§ **The task**: Your output must be the lines below from the line containing "Brunello Cucinelli Brown" to the line containing "Erkek Regular Fit", both lines included, reproduced exactly and without pictures.

§ **Source data**:

....

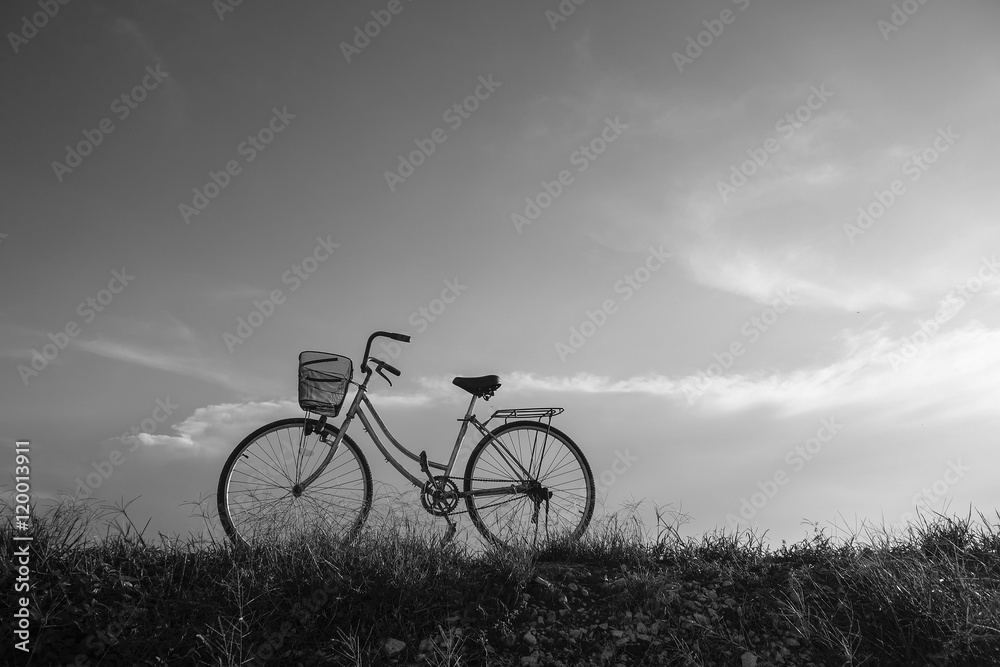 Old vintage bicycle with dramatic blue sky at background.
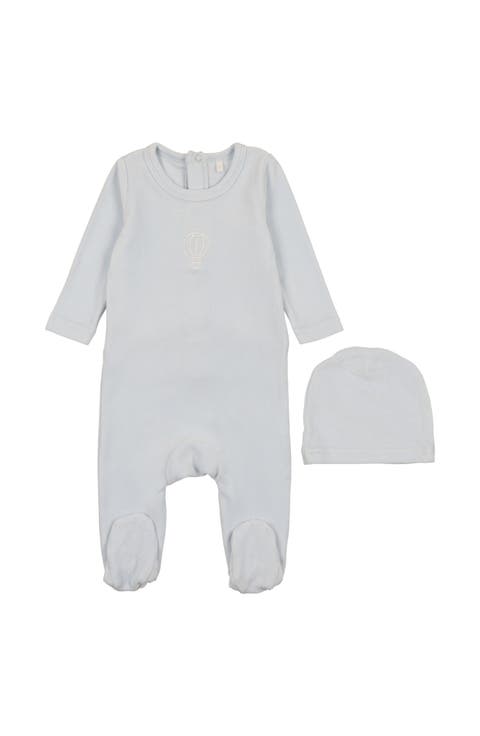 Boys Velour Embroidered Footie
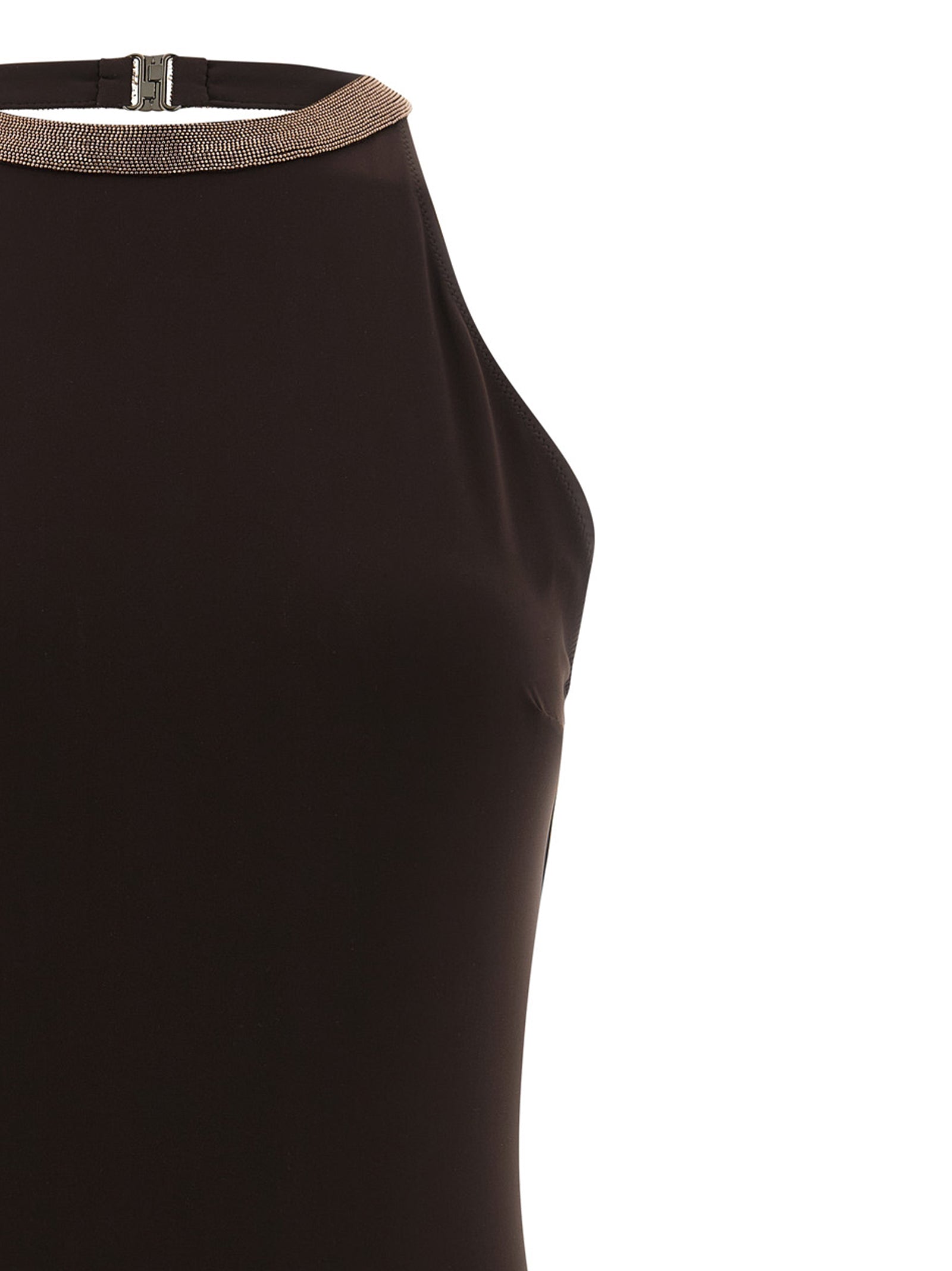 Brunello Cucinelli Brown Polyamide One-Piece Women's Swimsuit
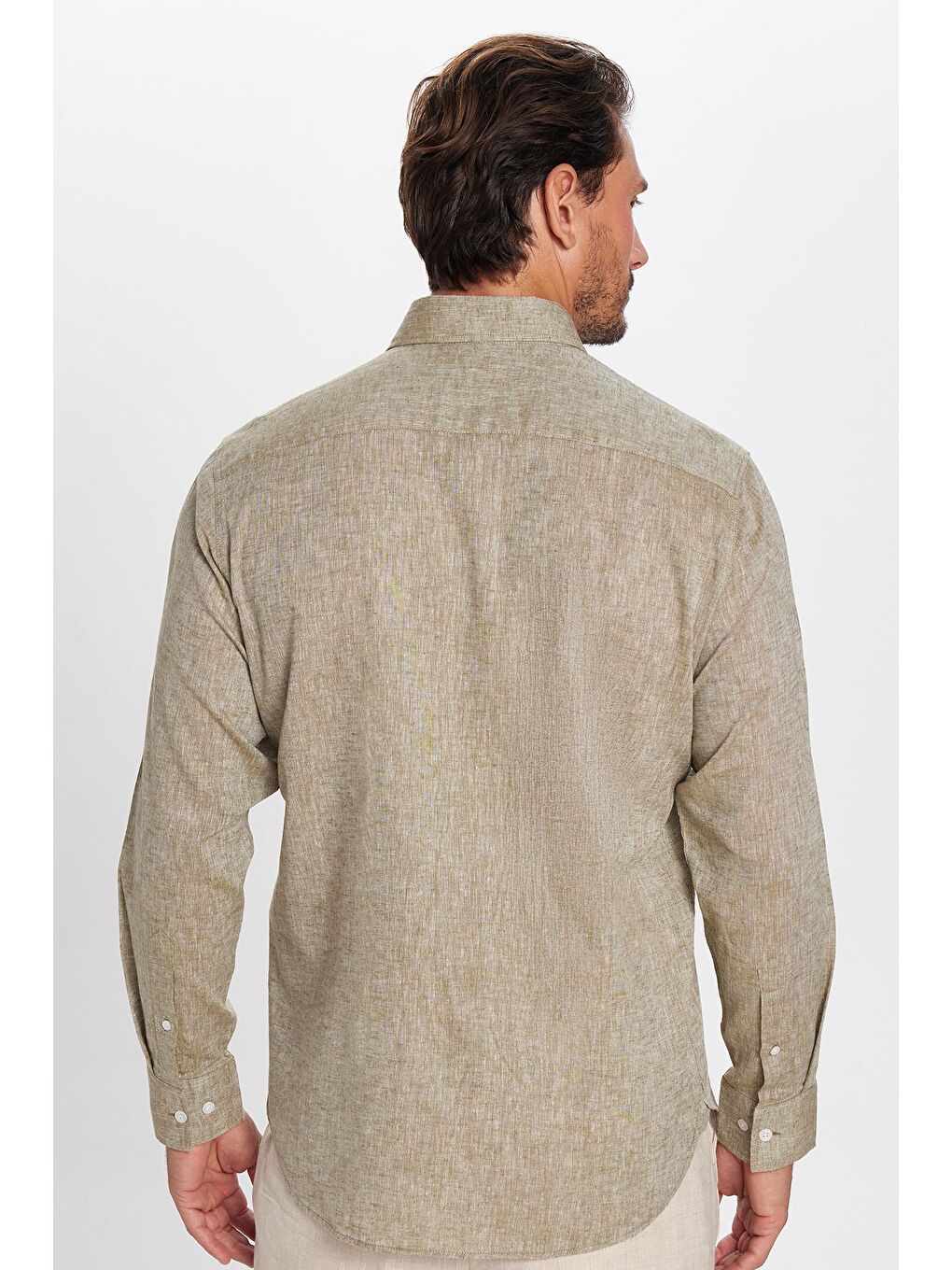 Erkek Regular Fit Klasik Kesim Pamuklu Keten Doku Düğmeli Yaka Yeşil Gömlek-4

....

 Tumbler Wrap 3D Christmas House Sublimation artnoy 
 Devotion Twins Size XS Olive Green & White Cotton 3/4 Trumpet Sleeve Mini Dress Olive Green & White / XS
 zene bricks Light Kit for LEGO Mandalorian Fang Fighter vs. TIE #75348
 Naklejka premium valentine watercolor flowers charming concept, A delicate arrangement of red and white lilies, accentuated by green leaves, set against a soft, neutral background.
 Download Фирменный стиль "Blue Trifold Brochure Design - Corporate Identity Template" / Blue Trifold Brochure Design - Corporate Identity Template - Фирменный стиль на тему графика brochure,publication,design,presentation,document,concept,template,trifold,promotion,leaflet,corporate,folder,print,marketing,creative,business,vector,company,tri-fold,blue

....

§ **Exercise solution**:
 Brunello Cucinelli Brown Polyamide One-Piece Women's Swimsuit
 Erkek Regular Fit Klasik Kesim Pamuklu Keten Doku Düğmeli Yaka Yeşil Gömlek-4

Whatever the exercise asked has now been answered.